What is Feature Standardization (or Z-Score Normalization), and why is it needed?

Feature Standardization, also known as ‘Z-Score Normalization’, is a technique for pre-processing numerical raw data during the creation of your training data. 

It consists of centering and scaling your data so that it has the properties of a Standard Normal Distribution (Gaussian Distribution) i.e. a mean centered at zero and a standard deviation (for all Features) equal to 1. 

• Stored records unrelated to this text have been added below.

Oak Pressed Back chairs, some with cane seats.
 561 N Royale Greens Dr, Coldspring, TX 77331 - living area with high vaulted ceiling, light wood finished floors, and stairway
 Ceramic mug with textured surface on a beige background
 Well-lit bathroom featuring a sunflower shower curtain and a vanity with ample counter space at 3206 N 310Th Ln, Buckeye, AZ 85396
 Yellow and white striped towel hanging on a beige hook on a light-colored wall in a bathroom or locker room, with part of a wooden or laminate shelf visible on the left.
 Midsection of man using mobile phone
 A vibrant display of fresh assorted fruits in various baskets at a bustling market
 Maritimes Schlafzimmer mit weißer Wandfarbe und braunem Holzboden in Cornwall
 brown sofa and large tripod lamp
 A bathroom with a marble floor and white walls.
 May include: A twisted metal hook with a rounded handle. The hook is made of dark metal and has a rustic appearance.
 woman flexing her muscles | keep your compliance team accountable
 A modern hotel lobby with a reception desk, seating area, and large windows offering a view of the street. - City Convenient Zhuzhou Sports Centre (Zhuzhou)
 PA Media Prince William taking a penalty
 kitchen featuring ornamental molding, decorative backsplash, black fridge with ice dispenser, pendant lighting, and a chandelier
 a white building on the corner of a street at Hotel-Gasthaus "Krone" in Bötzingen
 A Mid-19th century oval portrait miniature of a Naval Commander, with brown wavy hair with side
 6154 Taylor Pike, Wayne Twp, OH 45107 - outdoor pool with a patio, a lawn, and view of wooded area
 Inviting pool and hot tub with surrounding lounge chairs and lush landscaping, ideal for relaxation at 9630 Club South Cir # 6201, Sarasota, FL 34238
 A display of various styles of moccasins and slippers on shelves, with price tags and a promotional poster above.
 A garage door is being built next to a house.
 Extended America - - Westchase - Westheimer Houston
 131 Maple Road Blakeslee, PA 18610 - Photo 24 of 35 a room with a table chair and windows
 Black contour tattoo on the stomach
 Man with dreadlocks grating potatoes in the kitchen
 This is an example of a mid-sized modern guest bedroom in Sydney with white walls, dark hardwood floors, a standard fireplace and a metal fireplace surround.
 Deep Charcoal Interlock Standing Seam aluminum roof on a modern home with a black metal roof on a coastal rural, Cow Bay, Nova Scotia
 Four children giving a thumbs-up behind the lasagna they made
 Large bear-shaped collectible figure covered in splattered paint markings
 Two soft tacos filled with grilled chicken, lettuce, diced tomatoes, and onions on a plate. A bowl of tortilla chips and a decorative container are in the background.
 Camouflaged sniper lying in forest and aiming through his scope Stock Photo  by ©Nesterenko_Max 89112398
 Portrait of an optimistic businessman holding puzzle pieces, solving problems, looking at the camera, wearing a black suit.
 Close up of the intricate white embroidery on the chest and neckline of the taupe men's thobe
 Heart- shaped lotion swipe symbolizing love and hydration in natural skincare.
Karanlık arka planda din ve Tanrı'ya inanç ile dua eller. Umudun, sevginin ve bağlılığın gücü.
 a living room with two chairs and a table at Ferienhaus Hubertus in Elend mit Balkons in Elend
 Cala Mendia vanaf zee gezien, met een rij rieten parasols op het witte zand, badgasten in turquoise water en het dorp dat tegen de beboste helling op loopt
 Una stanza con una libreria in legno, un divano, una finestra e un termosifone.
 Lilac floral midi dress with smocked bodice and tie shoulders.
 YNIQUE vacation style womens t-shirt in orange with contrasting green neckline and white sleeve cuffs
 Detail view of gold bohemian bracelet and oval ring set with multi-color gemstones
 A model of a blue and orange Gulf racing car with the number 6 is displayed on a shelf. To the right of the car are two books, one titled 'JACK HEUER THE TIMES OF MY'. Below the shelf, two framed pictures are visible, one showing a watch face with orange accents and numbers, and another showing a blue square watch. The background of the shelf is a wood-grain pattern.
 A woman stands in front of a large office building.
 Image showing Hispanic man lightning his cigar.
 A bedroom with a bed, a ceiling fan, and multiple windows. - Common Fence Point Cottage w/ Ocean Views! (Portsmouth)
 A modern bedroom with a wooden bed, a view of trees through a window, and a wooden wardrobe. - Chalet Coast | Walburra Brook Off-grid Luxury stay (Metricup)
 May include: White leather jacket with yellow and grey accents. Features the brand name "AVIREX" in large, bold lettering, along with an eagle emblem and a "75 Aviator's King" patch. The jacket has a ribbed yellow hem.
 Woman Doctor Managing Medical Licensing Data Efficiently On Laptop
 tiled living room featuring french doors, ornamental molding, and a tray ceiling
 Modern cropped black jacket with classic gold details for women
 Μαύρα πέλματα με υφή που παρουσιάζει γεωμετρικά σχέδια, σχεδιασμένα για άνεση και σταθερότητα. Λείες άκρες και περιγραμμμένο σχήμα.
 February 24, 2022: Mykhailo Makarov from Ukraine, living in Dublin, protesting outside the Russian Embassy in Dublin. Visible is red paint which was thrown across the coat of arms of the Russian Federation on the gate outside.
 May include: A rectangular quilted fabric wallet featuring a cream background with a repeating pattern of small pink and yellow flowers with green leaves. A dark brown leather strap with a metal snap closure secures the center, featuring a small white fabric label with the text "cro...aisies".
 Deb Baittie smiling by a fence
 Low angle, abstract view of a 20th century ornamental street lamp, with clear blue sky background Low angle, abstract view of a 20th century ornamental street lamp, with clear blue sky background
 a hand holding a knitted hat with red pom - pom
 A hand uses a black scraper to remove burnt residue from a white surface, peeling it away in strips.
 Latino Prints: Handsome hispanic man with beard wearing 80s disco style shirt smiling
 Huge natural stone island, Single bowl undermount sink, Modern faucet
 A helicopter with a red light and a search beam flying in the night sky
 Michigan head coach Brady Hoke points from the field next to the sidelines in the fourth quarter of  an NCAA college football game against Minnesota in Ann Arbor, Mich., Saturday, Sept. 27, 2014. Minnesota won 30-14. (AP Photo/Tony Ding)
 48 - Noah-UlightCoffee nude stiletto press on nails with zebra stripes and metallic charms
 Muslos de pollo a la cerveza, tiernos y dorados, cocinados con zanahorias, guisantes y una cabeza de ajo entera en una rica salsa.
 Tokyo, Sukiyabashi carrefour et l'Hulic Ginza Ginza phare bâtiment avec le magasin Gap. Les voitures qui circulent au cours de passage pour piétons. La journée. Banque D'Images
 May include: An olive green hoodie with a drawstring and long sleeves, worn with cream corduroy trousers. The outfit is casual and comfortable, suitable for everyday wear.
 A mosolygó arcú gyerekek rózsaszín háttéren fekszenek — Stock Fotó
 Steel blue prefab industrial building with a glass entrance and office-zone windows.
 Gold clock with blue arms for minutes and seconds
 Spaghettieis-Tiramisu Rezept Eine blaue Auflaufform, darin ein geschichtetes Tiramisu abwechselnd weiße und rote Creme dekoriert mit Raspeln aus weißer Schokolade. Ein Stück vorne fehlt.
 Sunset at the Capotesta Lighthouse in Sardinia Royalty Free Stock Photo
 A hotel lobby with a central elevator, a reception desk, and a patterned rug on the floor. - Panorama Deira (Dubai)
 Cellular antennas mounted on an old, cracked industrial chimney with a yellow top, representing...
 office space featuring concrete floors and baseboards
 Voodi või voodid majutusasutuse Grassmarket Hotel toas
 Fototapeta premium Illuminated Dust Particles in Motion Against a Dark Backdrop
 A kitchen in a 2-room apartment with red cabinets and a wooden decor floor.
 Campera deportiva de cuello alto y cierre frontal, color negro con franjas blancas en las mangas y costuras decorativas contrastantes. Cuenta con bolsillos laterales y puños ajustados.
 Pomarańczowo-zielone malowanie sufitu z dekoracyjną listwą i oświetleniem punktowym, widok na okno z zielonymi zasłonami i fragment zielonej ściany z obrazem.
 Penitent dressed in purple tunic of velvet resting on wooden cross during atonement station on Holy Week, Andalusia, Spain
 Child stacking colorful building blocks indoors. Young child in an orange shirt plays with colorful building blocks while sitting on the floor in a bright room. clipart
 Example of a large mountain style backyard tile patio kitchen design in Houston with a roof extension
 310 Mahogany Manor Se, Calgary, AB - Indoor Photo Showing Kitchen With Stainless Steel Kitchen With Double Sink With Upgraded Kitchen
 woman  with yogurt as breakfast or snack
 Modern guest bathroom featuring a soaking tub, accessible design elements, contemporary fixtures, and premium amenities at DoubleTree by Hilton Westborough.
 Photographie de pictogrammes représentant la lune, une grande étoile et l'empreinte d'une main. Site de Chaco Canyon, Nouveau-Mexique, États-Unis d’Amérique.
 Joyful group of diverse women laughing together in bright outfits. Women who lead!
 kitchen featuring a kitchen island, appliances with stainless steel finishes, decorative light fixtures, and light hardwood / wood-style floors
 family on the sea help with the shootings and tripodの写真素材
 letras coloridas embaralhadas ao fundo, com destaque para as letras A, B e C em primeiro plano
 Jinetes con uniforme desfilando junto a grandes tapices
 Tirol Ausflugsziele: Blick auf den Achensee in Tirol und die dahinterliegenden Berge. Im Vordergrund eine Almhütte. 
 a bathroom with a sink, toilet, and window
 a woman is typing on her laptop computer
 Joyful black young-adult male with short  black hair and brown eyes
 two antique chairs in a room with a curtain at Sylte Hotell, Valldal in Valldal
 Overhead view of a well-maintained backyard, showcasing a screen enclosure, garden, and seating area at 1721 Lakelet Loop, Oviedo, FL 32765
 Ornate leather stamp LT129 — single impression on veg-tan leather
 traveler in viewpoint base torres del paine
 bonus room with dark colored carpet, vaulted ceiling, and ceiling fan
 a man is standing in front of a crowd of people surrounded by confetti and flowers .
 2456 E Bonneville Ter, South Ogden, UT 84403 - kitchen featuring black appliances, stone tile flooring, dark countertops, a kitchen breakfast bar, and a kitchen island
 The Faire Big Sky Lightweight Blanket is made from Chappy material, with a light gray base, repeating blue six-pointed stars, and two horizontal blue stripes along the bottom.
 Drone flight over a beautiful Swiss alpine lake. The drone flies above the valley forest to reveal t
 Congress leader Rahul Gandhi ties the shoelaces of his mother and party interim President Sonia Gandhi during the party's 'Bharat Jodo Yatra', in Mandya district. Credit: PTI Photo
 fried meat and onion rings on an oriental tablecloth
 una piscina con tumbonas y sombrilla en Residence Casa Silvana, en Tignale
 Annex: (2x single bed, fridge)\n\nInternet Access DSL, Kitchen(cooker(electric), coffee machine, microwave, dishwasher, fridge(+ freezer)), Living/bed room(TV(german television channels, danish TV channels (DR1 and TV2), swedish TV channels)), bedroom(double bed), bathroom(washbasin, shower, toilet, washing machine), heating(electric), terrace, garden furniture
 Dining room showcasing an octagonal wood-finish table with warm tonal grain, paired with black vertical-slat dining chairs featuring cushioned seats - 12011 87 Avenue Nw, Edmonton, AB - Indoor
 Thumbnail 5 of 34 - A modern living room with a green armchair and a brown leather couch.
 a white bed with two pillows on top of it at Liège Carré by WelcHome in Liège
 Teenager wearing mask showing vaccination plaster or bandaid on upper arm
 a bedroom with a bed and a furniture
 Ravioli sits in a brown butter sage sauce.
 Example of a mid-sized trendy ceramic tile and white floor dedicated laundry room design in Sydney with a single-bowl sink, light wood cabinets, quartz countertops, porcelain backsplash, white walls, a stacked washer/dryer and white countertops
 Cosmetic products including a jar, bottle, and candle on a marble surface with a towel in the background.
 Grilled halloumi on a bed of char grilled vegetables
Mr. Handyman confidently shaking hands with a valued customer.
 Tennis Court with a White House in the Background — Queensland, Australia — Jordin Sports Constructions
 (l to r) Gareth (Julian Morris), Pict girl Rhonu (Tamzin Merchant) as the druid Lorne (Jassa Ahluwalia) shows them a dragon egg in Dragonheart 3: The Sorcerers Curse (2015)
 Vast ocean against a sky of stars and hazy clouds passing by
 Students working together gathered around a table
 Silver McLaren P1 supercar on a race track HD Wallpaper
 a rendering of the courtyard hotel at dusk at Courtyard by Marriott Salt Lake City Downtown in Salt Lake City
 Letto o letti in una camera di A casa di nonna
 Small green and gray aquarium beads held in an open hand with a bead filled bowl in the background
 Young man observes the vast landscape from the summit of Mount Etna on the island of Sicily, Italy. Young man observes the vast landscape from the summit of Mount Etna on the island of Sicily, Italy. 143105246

Feature Standardization is: –

Essential for some algorithms (esp. those utilizing a euclidean distance function): –

  • Support Vector Machine utilizing a Radial Basis Function or RBF Neural Networks
  • Clustering Algorithms having Features with ≉ comparable scales

Recommended for: –

  • Any Algorithim that assumes Gaussian Distribution
  • Arguably benefits Multi Layer Perceptron Neural Networks
  • Clustering Algorithms having Features with ≈ comparable scales

Less important for: –

  • Tree Based algorithms (high robustness to Un-standardized Data
  • Logistic Regression

You can expect that, within a Real World Dataset, the features will be of different units, with a different range of values and having different types of statistical distributions. There might also exist data as outliers. All of which can introduce modeling errors if not dealt with correctly. 

Without feature standardization, predictive models may perform badly as features with higher orders of magnitude and range can incorrectly overshadow the importance of those that are relatively lower, even if these offer better prediction capability.